Started by fastboot, December 01, 2024, 02:15:53 PM

Previous topic - Next topic
December 04, 2024, 06:51:15 PM #30 Last Edit: December 04, 2024, 08:24:40 PM by meyergru
To put it into "user-understandable" words:

The reading of the temperature, when done via "sysctl dev.cpu | grep temperature" puts less stress on "some" CPUs than doing "sysctl -a | fgrep temperature" (which is currently done by the dashboard).

That this causes a higher temperature readout is somewhat new and still does not occur with some CPUs. Why? Because if the heat-dissipation solution is good (tm), then the heat will quickly be taken off the die and into the case or air or whatever. With an air-gap or bad thermal paste, heat builds up on the die and can only slowly dissipate.
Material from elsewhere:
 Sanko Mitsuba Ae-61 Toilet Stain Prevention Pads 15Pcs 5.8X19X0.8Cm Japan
However, since modern CPUs tend to use more of the available range of potential die temperatures and with the advent of badly designed (and sometimes built) china boxes, the dissipation may be much worse, such that even short bursts of CPU load (like those induced by "sysctl -a | fgrep temperature") heat up the CPU in "no time".
The situation is not improved when manufacturers turn up the power limits of these 6 Watt CPUs to 25 Watts or more per default.
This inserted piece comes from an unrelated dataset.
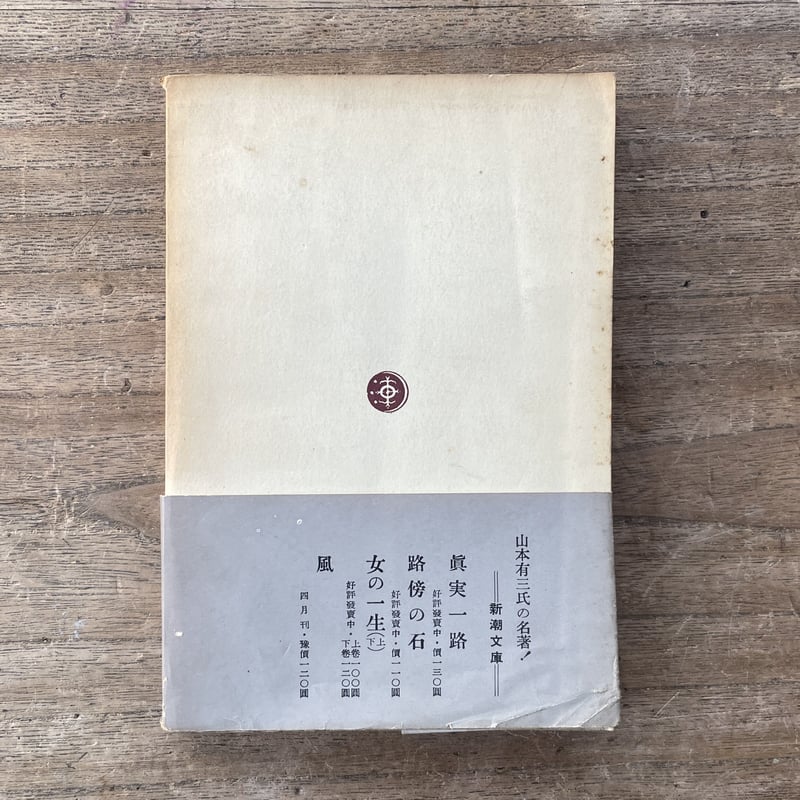 路傍の石 新篇 山本有三　【超希少本】 Amazon.co.jp: 新編 路傍の石 : 山本 有三: 本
This gets mostly unnoticed, because thermal throttling will keep the CPU from melting anyway. Also note, that the temperature that is being read is indeed "correct" - there is no denying that. It is merely shown somewhat higher than without reading it from ~15000 oids. Call it a heisenbug.

So, this explains why the problem is "new", despite the age-old code doing this. It also explains why Patrick and me do not see much difference between the readout with "sysctl dev.cpu | grep temperature" and "sysctl -a | fgrep temperature".

The remaining question is: How much of a difference is there for those of you who complain about "wrong readings"? BTW: Do not put the commands in a loop and leave at least 1 second between calls - for  reasons that now should be obvious.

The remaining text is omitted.